Toute aussi vivante et pertinente est l’analyse sur l’évolution du film de gangsters vers le film noir. Scorsese s’attache à montrer qu’elle est surtout une transition de l’individu vers le collectif Dans L’Ennemi public (1931) de William Wellman comme dans le Scarface (1932) d’Howard Hawks, James Cagney et Paul Muni incarnent des gangsters solitaires: pour écarter le danger individuel qu’ils représentent, il suffit d’une bonne fusillade. Les deux films se terminent sur la chute des deux malfrats qui s’écroulent, farcis aux pruneaux des mitraillettes automatiques. Dans les années 40, ce cinéma évolue parce que le banditisme change: les gangsters s organisent de mieux en mieux, les gangs d’antan deviennent de gigantesques sociétés hiérarchisées ayant pignon sur rue, les bandits troquent les sapes de voyous pour le costume trois-pièces respectable. Le banditisme n’a plus de visage : en prenant une apparence institutionnelle, il devient collectif et anonyme. Le film noir évoluera ainsi jusqu’à confondre bandits, police, justice, milieux d’affaires : ce ne sont plus quelques individus qui sont pourris, mais tout un système qui est corrompu. Scorsese note que le film noir a connu ses sommets avec les Robert Siodmak, Billy Wilder, Fritz Lang, Otto Preminger et autres Edgar G. Ulmer: ces cinéastes avaient fui l’Europe fasciste et apportaient dans leurs bagages des peurs et des angoisses d’une intensité inconnue par les Américains pur beef. Fondé sur un réalisme urbain éclairé aux ombres et lumières de l’expressionnisme allemand, le film noir est ainsi indirectement un genre européen.

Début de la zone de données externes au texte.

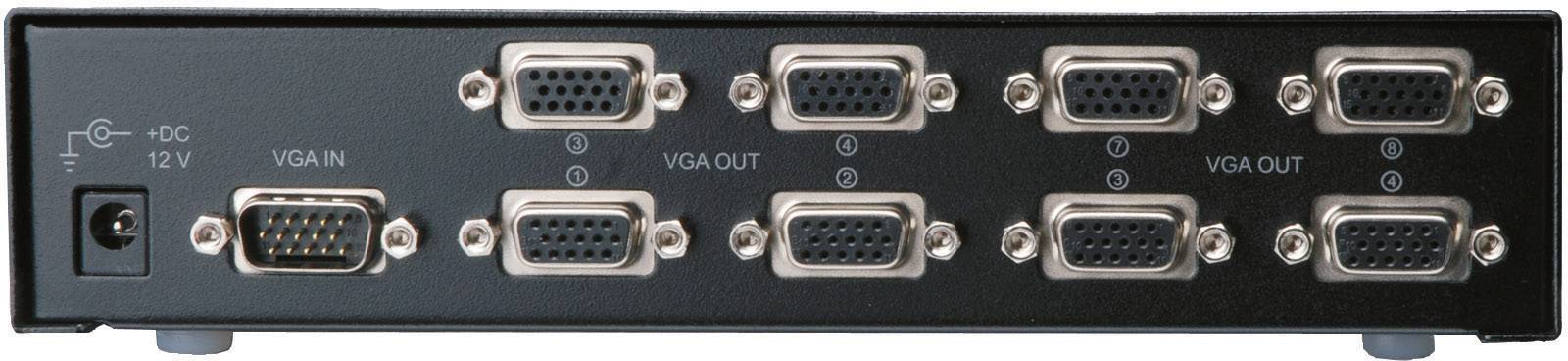 Digitus DC-43100 8 Port VGA-Splitter 1920 x 1440 Pixel Schwarz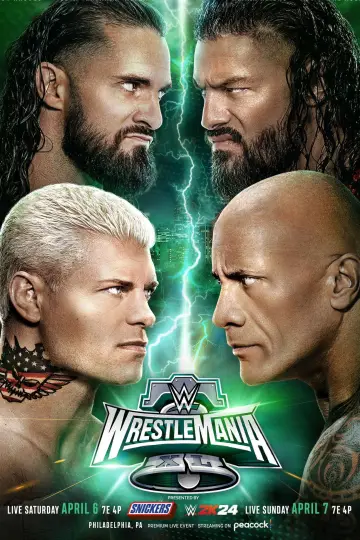 Poster to the movie "WWE WrestleMania XL Saturday" #686534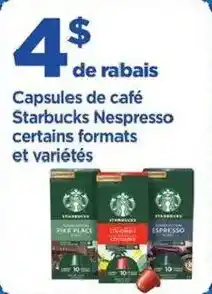 Maxi Capsules de café Starbucks Nespresso offer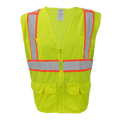 1277FR-Z-RD - FR ANSI Class 2 Safety Vest with Zipper and Radio Clips image 0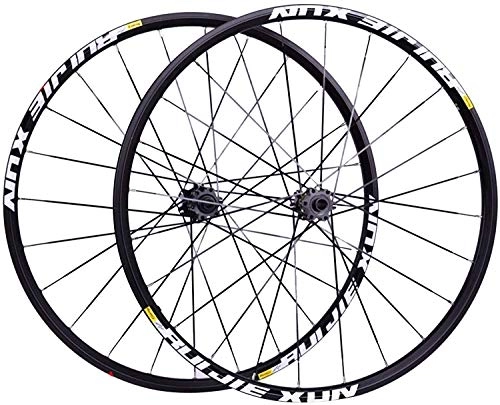 Mountain Bike Wheel : YZU Mountain Bike Wheelset 29 / 27.5 / 26" MTB Six Holes Disc Brake Bicycle Wheel 24H 11Speed, 26inch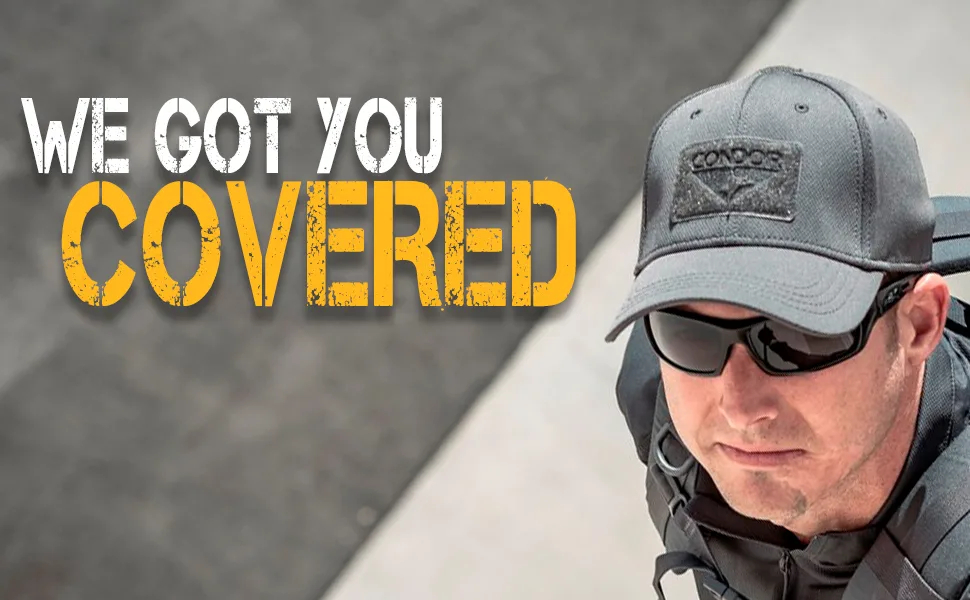 Condor Tactical Cap Black - Condor Outdoor - We Got You Covered
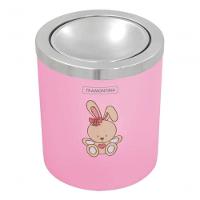 Recipiente Multiuso Com Tampa Basculante Rosa 5 Litros - 1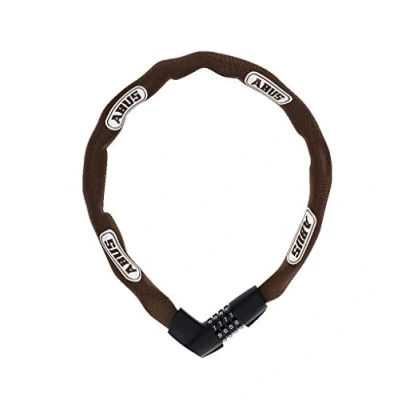 Immagine di Abus Lucchetto a Catena Tresor 1385 Combinazione in Acciaio temprato Quadrata Spessa 7 mm Livello di Sicurezza 85 cm Marrone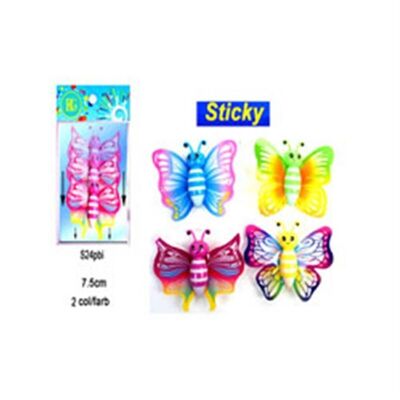 Sticky Butterfly 7.5cm (por 24)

L’ironie de l’analyse de Scorsese, c’est que Hollywood a finalement connu la même évolution que le gangstérisme, passant d’un statut industrialoartisanal à un statut lourdement industriel. Au milieu des années 6o, la génération des producteurs Goldwyn, Mayer, Zanuck, Cohn, Selznick, Laemmle s’est progressivement éteinte. Loin d’être des anges, ces capitaines-fondateurs gardaient un oeil sur la dernière ligne des bilans comptables. Mais une fois la moindre décimale vérifiée, ces émigrés n’oubliaient pas leur vieille culture européenne, leur scepticisme, leur humour, les souvenirs cuisants des pays qu’ils avaient quittés. Des businessmen avides de réussite, certes, mais qui aimaient profondément leurs produits, les films. Cette génération d’entrepreneurs a cédé le terrain aux requins d’aujourd’hui, golden boys sans mémoire et sans culture qui ne connaissent que le langage de Wall Street. Scorsese ayant prospéré dans ce marigot de squales, on a le droit de voir dans son analyse du film noir une métaphore désenchantée de l’évolution d’Hollywood. Toujours est-il qu’il administre encore la preuve que, sous couvert de cinéma d’action, de règles codifiées et de spectacle inoffensif visant avant tout à distraire, le cinéma de genre pouvait offrir un reflet pertinent de la société américaine, voire sa critique la plus virulente – pourvu qu’il soit porté par des gens talentueux qui n’oubliaient pas leur cervelle à la porte des studios.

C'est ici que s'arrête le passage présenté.